G-Code contains no information about the part dimensions, and very little about the shape of the cutting tool. Essentially it just refers to a tool table where it retrieves the tool radius and axial offset (for mills). For end mills and ball nose cutters this is enough, but for more complicated tools, their shapes must be stored somewhere else. A bigger challenge is that G-Code is a full programming language, so you can't just translate arbitrary G-Code into Mathematica Graphics3D commands. You would in the general case have to write a G-Code interpreter that would run the code. Since G-Code can invoke arbitrary code (like unix scripts) handling all that could be tricky. So a full G-Code interpreter would be a challenging student project - maybe requiring a small team. If the G-Code contains only G0 or G1 moves, and no fancy stuff, then a simple parse of the G-Code will extract the tool path, and then you would be on your way to getting an STL file. Here is a trivial example, probably of how NOT to do this, since the result is rather rough.

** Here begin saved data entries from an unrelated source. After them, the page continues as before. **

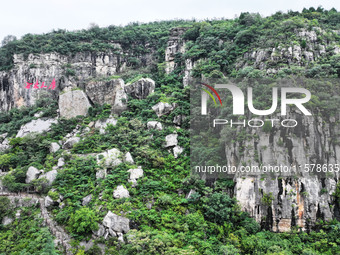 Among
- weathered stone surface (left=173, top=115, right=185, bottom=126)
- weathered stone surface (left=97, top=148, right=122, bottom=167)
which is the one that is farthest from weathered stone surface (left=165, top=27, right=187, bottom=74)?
weathered stone surface (left=97, top=148, right=122, bottom=167)

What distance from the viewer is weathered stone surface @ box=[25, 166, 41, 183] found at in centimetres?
2086

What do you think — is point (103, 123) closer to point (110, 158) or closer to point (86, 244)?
point (110, 158)

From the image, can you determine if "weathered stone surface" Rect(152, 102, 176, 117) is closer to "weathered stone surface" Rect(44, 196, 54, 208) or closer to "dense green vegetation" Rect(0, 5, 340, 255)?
"dense green vegetation" Rect(0, 5, 340, 255)

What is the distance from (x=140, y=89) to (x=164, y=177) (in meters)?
13.5

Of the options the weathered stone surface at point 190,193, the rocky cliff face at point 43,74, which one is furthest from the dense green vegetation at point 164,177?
the rocky cliff face at point 43,74

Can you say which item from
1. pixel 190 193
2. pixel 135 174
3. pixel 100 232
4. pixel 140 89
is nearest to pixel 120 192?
pixel 135 174

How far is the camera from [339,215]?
16375mm

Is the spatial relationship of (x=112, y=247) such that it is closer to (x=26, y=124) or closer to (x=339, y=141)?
(x=339, y=141)

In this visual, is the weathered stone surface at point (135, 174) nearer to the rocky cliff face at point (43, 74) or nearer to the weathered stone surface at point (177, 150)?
the weathered stone surface at point (177, 150)

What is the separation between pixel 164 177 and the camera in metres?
20.0

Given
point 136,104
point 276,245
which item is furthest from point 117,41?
point 276,245

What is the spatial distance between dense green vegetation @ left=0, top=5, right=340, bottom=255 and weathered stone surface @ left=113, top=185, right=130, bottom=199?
448mm

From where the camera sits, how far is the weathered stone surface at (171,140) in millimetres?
22992

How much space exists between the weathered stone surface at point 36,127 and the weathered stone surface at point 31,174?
722 centimetres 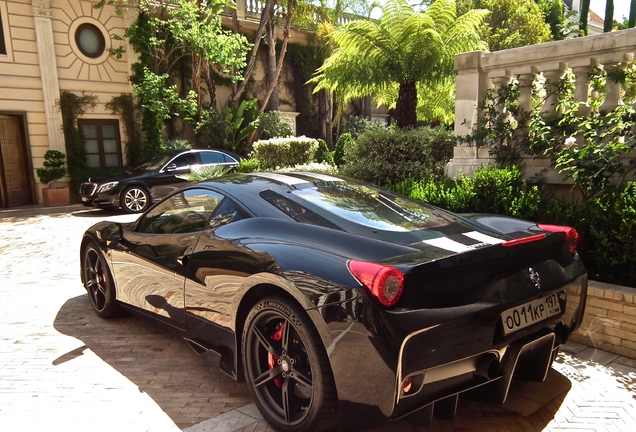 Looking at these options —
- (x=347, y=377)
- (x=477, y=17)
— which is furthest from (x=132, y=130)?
(x=347, y=377)

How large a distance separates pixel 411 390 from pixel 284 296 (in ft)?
2.61

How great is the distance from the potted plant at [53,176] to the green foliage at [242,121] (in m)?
5.75

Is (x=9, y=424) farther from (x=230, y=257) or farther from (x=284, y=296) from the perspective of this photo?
(x=284, y=296)

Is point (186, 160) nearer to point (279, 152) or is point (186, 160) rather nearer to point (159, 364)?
point (279, 152)

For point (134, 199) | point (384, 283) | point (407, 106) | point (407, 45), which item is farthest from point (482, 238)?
point (134, 199)

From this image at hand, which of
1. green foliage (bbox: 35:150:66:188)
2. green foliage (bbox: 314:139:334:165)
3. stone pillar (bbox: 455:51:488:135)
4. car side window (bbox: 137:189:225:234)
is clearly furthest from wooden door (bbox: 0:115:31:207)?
stone pillar (bbox: 455:51:488:135)

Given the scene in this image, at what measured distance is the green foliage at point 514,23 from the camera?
19.5 meters

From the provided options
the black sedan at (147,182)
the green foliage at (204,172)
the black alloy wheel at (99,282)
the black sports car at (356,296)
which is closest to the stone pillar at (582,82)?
the black sports car at (356,296)

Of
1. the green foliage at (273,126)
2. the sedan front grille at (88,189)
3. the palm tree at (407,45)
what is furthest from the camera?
the green foliage at (273,126)

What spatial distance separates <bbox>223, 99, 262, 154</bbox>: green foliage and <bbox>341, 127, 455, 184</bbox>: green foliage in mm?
10699

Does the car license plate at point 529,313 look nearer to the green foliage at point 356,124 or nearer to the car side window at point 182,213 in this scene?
the car side window at point 182,213

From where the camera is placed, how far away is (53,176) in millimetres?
13992

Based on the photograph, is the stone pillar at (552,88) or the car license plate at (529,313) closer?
the car license plate at (529,313)

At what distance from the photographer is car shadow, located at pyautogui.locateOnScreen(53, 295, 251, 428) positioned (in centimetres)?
296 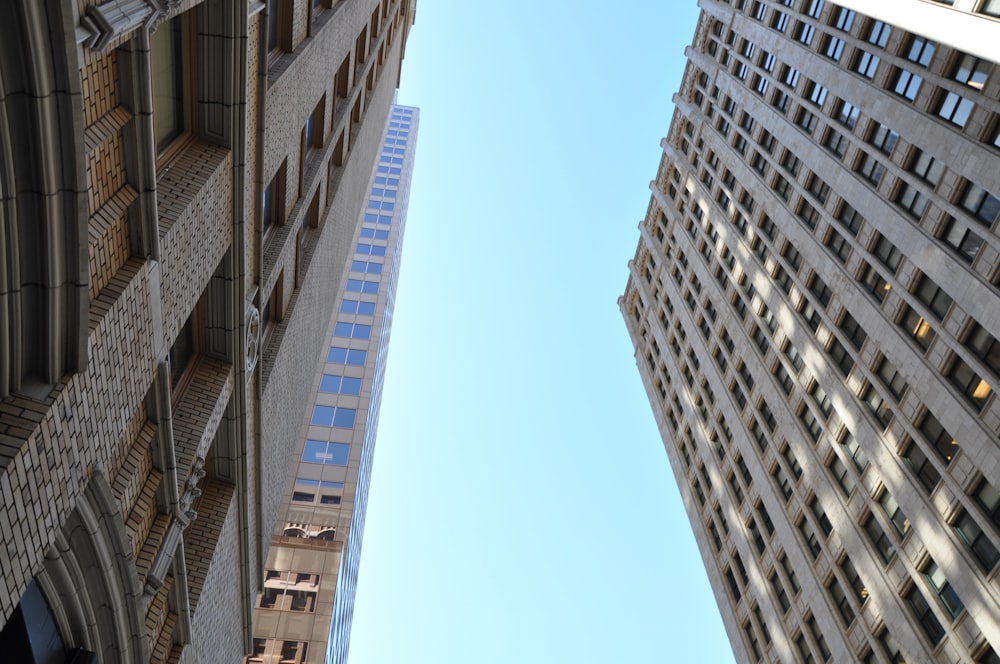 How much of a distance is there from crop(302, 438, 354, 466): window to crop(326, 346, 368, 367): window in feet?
27.6

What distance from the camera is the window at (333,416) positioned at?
51.5m

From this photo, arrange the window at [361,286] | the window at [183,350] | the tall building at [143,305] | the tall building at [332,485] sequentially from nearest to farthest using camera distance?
the tall building at [143,305], the window at [183,350], the tall building at [332,485], the window at [361,286]

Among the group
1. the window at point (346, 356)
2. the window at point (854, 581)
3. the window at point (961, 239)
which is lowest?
the window at point (346, 356)

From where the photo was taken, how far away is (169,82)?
37.7 ft

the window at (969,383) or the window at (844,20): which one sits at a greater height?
the window at (844,20)

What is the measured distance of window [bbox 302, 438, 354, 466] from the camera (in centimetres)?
4900

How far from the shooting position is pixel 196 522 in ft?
52.4

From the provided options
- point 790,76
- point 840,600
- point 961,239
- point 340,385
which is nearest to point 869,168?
point 961,239

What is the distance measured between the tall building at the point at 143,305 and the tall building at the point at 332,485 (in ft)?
63.5

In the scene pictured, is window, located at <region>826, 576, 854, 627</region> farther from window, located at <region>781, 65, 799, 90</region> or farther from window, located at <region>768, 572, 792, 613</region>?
window, located at <region>781, 65, 799, 90</region>

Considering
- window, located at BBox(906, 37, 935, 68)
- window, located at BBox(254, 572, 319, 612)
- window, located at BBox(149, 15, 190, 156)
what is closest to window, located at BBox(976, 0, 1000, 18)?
window, located at BBox(906, 37, 935, 68)

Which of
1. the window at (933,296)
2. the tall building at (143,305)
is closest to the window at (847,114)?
the window at (933,296)

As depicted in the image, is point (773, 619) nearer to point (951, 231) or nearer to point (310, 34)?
point (951, 231)

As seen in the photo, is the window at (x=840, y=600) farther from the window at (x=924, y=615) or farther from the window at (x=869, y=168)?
A: the window at (x=869, y=168) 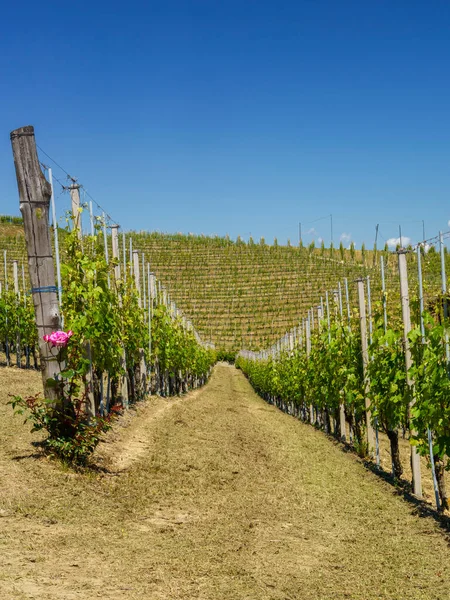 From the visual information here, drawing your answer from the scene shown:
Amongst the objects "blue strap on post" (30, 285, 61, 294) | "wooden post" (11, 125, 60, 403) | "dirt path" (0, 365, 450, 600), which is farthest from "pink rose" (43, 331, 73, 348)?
"dirt path" (0, 365, 450, 600)

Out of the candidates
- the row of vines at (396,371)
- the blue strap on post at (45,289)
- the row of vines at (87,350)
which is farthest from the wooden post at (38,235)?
the row of vines at (396,371)

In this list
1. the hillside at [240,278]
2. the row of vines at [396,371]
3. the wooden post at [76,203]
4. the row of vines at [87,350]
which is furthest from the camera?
the hillside at [240,278]

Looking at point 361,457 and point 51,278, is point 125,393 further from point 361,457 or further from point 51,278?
point 51,278

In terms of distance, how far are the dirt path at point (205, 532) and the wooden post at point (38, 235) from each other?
1.05 metres

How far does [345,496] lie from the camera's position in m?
6.95

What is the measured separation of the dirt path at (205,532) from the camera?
3820mm

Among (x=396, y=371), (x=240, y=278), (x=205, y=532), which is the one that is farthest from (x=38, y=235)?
(x=240, y=278)

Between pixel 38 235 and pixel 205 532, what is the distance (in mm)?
3463

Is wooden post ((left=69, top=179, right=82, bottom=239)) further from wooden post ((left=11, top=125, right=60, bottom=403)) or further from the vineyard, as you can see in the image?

Here an end mill makes a single pass through a rectangular part. The tool path is generated here, not read from a G-Code file. This example shows that RegionPlot3D is a possible starting point for building the STL file. Here we are, in effect doing "plunge milling", so the cut surface is rough. I think this overall approach is called CSG (constructive solid geometry).

Clear[part, path, tool, swarf];

n = 100; (* the number of plot points used by RegionPlot3D in all 3 \
directions *)
stepsize = .01; (* The tool moves in a finite # of \
steps, and this is the distance per step *)

part[{a_, b_, c_}, {c1_, c2_, 
   c3_}] := ((0 < #1 - c1 < a) && (0 < #2 - c2 < b) && (0 < #3 - c3 < 
      c)) &; (* the geometry of the part, a brick of sides {a,b,c} \
centered at {c1,c2,c3} *)  

path = Table[{x, x, 0.1}, {x, 0, 1, 
   stepsize}]; (* the path of the center of the bottom of the tool *)
\

tool[{radius_, length_}, {c1_, c2_, 
   c3_}] := ((0 < (#1 - c1)^2 + (#2 - c2)^2 < 
      radius^2) && (0 < #3 - c3 < length)) &;
(* The cutting tool is an end mill - a cylinder aligned with the z \
axis, the center is located at {c1,c2,c3}. *)

swarf = Not[
      tool[{.05, .5}, #][u, v, w] ] &[First[path ]]; 
len = Length[path];
i = 0;
While[i <= len - 1, i++; swarf = swarf && Not[
       tool[{.05, .5}, #][u, v, w] ] &  [
   path[[i]]]]; (* the region removed by the tool *)

Show[Graphics3D[{Thickness[.01], Blue, Line[path]}], RegionPlot3D[ 
  tool[{.05, .5}, {0, 0, .1}][u, v, w] 
   ||
    part[{.5, .5, .2}, {.2, .2, 0}][u, v, w], {u, -.2, 
   1}, {v, -.2, 1},
  {w, 0, 1}, PlotPoints -> {n, n, n},
  Mesh -> None, 
  BoxRatios -> 
   Automatic] ](* show the tool, the part and tool path *)

img = RegionPlot3D[ 
   part[{.5, .5, .2}, {.2, .2, 0}][u, v, w]
   &&
   swarf  , {u, -.2, 1}, {v, -.2, 1},
  {w, 0, 1}, PlotPoints -> {n, n, n},
  Mesh -> None, Boxed -> False, Axes -> False, 
  BoxRatios -> 
   Automatic]; (* produce the graphic of the milled part *)

Export["test.STL", img];
Import["test.STL"]  (* show the STL file of the milled part *)

Fig 1 shows a cylinder representing the end mill, the uncut part, and the blue line is the tool path.

Fig 2 shows we can use Export to convert the Graphics of the milled part from RegionPlot3D into STL.

The result can be improved by increasing the PlotPoints option in RegionPlot3D, but fundamentally this approach is poor since we are not modelling a continuous cut. A possible next level of refinement might be to wrap something like Tube around the path and intersect that with the part, where the Tube would be tweaked to represent the tool cross section.